This morning I read an article in the National Farmers Union magazine about the declines in farmland birds. The author was saying that as we are using less chemicals on our farms than we were doing 20 years ago he didn't see why farming should be to blame. These are my views on the subject:

We must realise that it is not the quantity of inputs we apply to our fields, it is when and how we apply them. For instance if we apply a weed killer at the wrong time it does not work. Weed killers do not kill birds, they starve them and I fully realise that most of our farmland birds do not eat weeds.

We are all getting advice on when and how to apply our chemicals and the chemicals we are using are better at their job than they were 20 years ago, our sprayers are far more efficient than they were 20 years ago, they also have to have an MOT and our operators have to be qualified, so we are now doing a far better job.
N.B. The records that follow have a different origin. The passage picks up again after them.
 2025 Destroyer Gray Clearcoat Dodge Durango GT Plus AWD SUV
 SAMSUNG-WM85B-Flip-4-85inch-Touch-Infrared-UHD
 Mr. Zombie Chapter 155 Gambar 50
We are applying less chemical and being more effective.

The weed killer of course kills the weeds and many insects are plant specific so if there is no Knotgrass there is no Knotgrass beetle, if there is no Groundsel and no Ragwort there is no Cinnabar moth and so on so and when there is a 100 acre field of wheat with no weeds in it and another one next to it with no weeds in it where are our farmland birds going to find the insects to feed their young on?
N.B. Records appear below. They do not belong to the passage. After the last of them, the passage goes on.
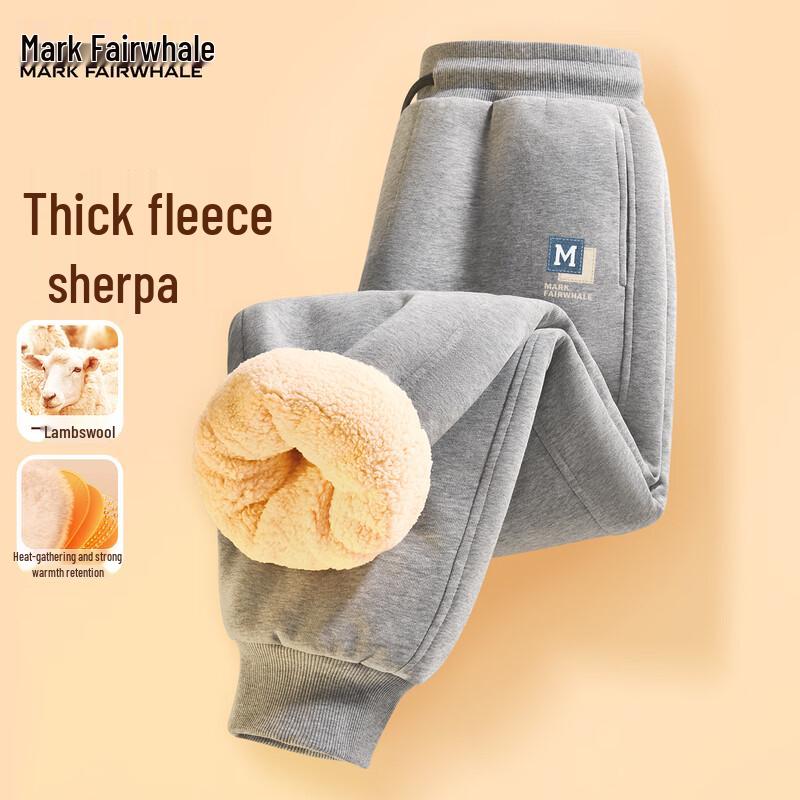 Mark Fairwhale Herren Fleecegefütterte Warme Freizeit Hose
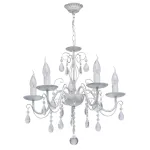 Подвесная люстра DeMarkt City Аврора 8 371010705 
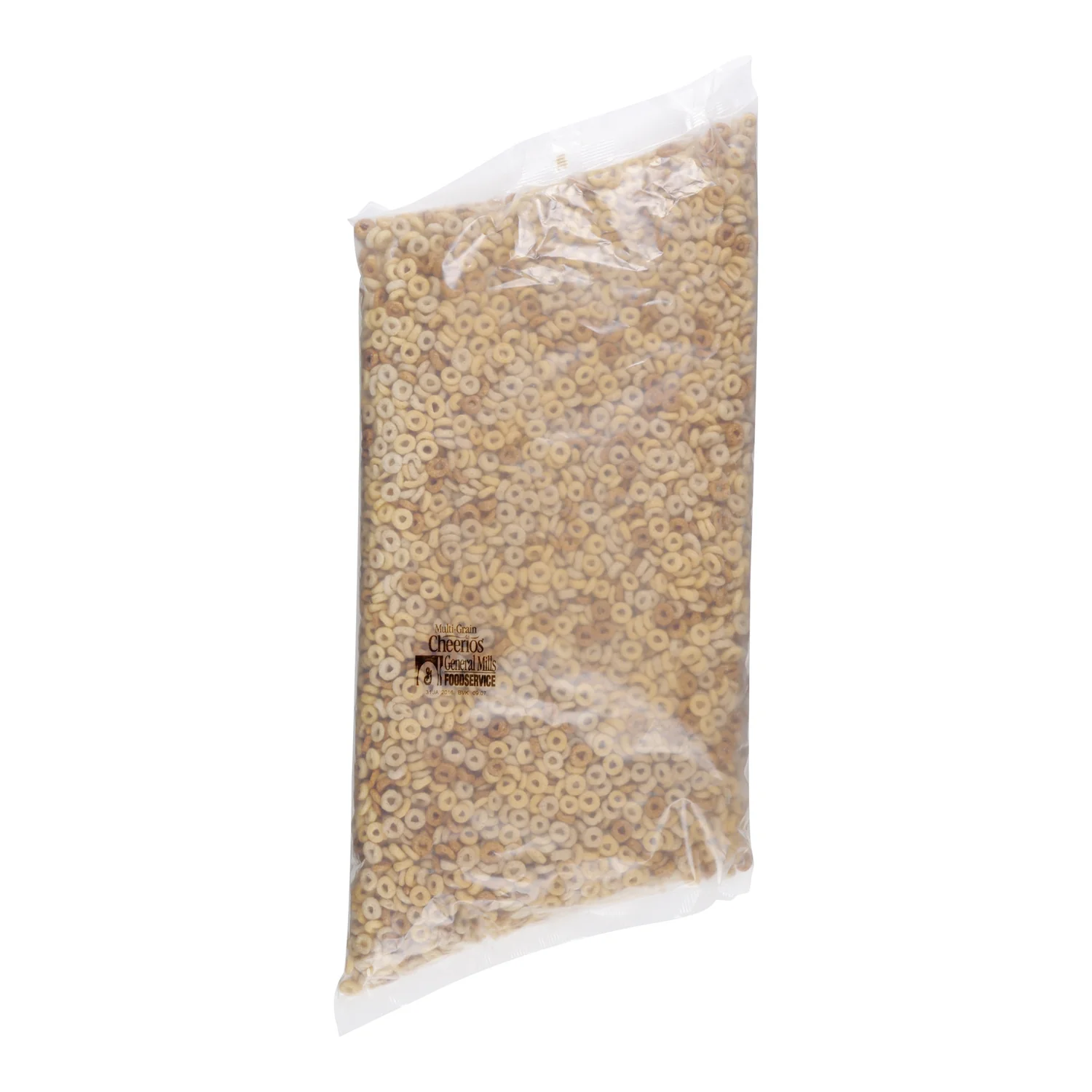 Cereal Cheerio Multigrain Bulk - 4 x 875 g - General Mills - Restaurant and Foodservice Ingredients - Canadian Distribution - Ships Free Within Canada on Orders Above CAD $199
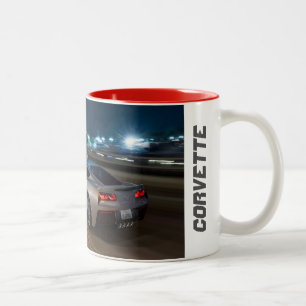 2 Couleurs Tasse de café de pastenague de Corvette
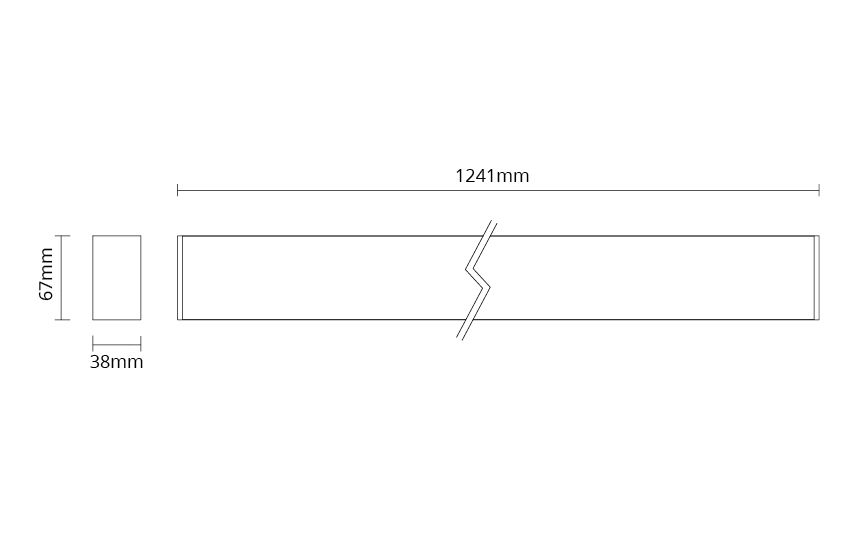 Inspire Sort 4300lm 4000K Ra>80 DALI / Push Dim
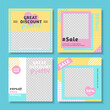 © HstrongART - Fashion sale online ad post design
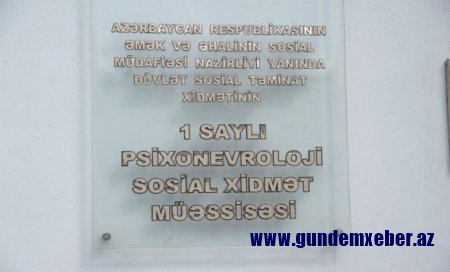 Psixonevroloji Müəssisəsindən xəstə qaçıb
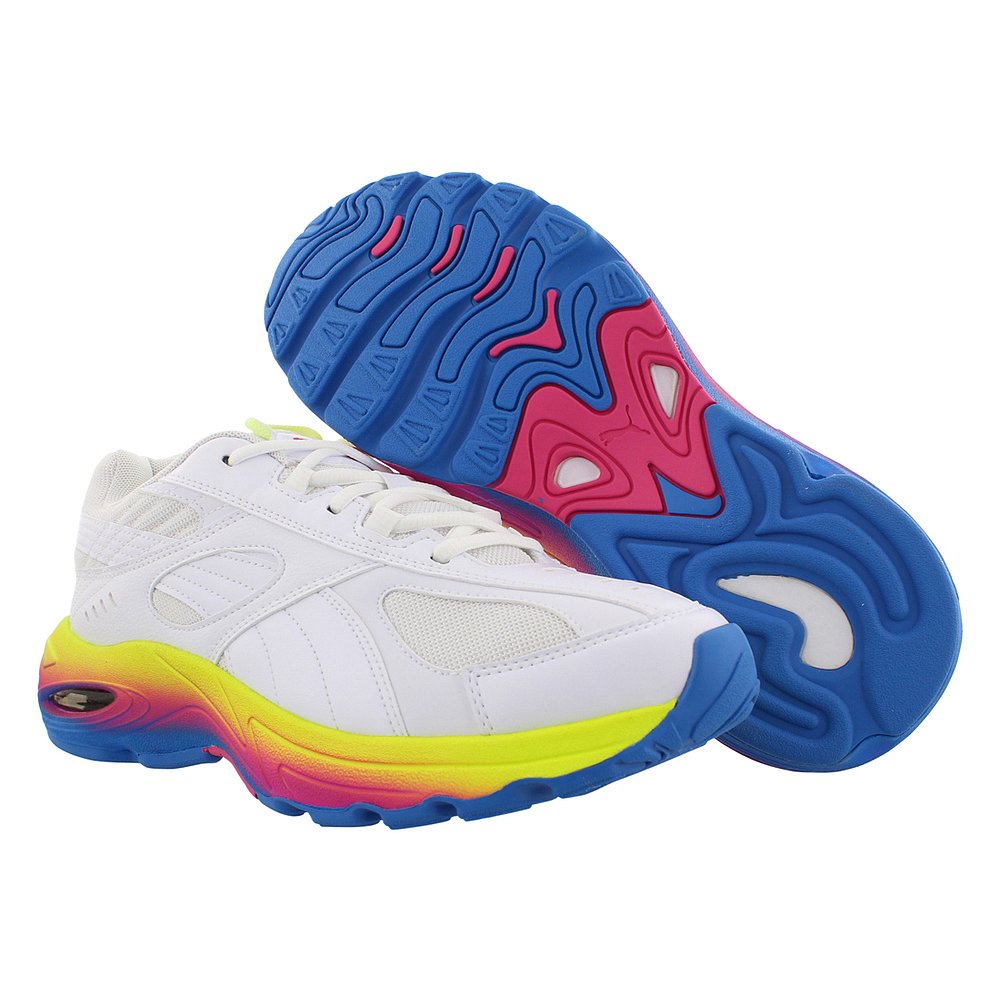 天猫国际美国直购美国直邮puma彪马Cell Speed Fresh Wht男子炫彩防滑时尚跑步鞋2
Birds cannot take their fledglings water, they have to take them moist food and that moist food is either insects or unripe seeds, both in the past supplied by weeds in our arable fields.

Every year our wheat fields are sprayed with three or more herbicides, two or more growth regulators, three or more fungicides, two insecticides and maybe a pre-harvest spray of roundup and many people are still wondering why our farmland birds are declining.